____ Data for the task
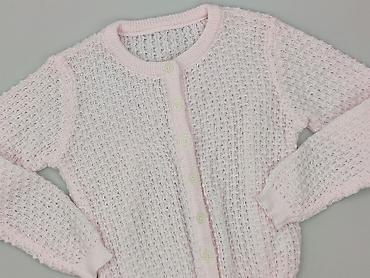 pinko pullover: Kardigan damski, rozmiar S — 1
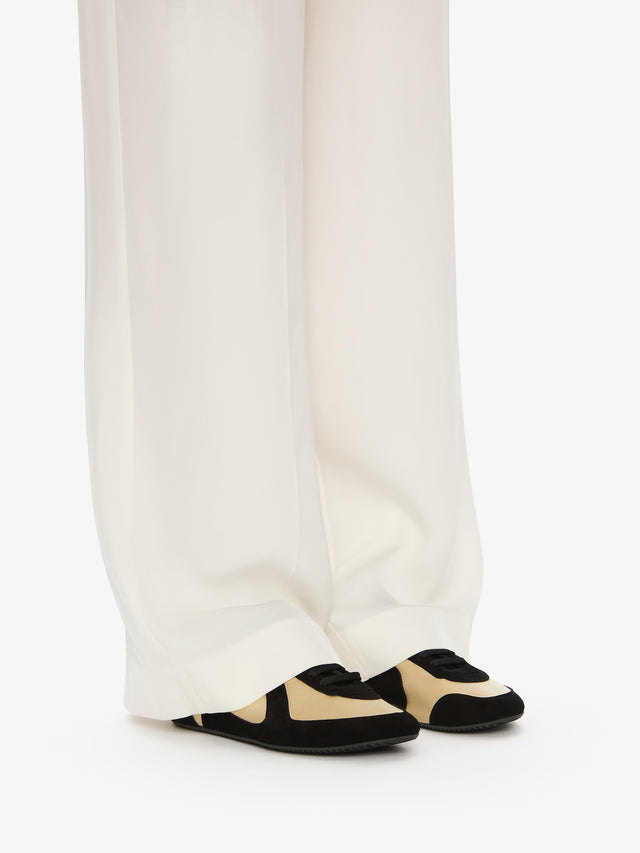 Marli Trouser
________
____ Data for the task
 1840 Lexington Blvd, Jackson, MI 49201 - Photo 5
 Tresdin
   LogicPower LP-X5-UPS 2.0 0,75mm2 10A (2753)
________
**What to do**
Above, find the line holding "pinko pullover: Kardigan" and the line holding "Marli Trouser". Print exactly those two lines and every line between them, but no pictures.

**Answer for the task**
 pinko pullover: Kardigan damski, rozmiar S — 1
 Marli Trouser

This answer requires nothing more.